Data under study
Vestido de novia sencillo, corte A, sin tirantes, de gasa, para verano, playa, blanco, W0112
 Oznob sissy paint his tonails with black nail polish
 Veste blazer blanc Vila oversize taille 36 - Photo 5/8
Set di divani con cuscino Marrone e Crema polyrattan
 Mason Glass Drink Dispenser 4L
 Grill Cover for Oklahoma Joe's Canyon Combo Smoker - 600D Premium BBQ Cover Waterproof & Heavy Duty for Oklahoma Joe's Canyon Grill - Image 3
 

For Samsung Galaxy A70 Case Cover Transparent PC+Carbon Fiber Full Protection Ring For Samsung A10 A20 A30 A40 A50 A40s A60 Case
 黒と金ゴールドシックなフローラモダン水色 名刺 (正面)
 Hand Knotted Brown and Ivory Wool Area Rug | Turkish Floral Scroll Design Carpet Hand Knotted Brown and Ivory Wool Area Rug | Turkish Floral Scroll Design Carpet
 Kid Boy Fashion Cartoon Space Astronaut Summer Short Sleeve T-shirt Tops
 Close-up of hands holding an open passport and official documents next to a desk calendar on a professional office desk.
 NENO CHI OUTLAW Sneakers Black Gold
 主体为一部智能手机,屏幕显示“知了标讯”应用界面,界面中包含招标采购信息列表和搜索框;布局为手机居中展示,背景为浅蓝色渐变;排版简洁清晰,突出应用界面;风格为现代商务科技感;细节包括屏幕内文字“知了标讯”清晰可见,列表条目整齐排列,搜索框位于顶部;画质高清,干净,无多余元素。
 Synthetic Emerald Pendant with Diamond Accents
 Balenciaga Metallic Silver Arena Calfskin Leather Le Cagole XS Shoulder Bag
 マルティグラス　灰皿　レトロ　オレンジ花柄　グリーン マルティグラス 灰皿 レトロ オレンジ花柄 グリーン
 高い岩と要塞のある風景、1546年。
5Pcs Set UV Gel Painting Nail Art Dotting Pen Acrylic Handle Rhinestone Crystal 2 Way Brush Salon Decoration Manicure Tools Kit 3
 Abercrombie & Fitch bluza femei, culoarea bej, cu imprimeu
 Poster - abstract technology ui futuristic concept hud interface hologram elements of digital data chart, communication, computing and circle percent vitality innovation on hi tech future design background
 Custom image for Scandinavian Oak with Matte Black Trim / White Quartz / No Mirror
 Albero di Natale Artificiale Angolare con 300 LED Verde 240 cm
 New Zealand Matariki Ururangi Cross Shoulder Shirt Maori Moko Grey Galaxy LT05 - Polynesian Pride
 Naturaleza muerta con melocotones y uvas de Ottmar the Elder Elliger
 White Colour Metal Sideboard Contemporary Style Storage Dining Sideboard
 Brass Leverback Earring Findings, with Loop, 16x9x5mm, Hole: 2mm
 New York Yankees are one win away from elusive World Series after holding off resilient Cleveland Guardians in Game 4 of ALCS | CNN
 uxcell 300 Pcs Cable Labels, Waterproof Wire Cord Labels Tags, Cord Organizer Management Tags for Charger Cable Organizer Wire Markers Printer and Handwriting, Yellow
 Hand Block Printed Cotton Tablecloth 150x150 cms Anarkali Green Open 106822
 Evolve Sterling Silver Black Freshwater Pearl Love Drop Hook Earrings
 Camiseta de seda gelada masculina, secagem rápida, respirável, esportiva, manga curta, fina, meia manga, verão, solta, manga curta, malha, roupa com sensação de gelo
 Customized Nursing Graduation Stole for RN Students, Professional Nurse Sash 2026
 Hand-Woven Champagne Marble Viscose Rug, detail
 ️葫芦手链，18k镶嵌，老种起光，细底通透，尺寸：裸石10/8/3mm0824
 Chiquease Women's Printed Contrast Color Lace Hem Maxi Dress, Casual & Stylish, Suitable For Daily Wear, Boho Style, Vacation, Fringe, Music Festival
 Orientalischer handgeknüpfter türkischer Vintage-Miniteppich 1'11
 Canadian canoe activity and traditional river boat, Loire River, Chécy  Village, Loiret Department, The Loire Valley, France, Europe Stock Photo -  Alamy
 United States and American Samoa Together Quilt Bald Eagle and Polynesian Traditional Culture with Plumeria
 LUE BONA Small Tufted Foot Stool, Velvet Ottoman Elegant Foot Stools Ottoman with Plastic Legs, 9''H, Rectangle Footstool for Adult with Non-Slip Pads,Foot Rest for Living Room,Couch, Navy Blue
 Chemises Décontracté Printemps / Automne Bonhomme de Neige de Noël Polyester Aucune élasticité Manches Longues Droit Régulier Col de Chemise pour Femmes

Instructions for the task
Starting with the line that contains "Customized Nursing Graduation", print every line through the end of the entries above exactly as written, both boundary lines included, and nothing else.

Response for this exercise
 Customized Nursing Graduation Stole for RN Students, Professional Nurse Sash 2026
 Hand-Woven Champagne Marble Viscose Rug, detail
 ️葫芦手链，18k镶嵌，老种起光，细底通透，尺寸：裸石10/8/3mm0824
 Chiquease Women's Printed Contrast Color Lace Hem Maxi Dress, Casual & Stylish, Suitable For Daily Wear, Boho Style, Vacation, Fringe, Music Festival
 Orientalischer handgeknüpfter türkischer Vintage-Miniteppich 1'11
 Canadian canoe activity and traditional river boat, Loire River, Chécy  Village, Loiret Department, The Loire Valley, France, Europe Stock Photo -  Alamy
 United States and American Samoa Together Quilt Bald Eagle and Polynesian Traditional Culture with Plumeria
 LUE BONA Small Tufted Foot Stool, Velvet Ottoman Elegant Foot Stools Ottoman with Plastic Legs, 9''H, Rectangle Footstool for Adult with Non-Slip Pads,Foot Rest for Living Room,Couch, Navy Blue
 Chemises Décontracté Printemps / Automne Bonhomme de Neige de Noël Polyester Aucune élasticité Manches Longues Droit Régulier Col de Chemise pour Femmes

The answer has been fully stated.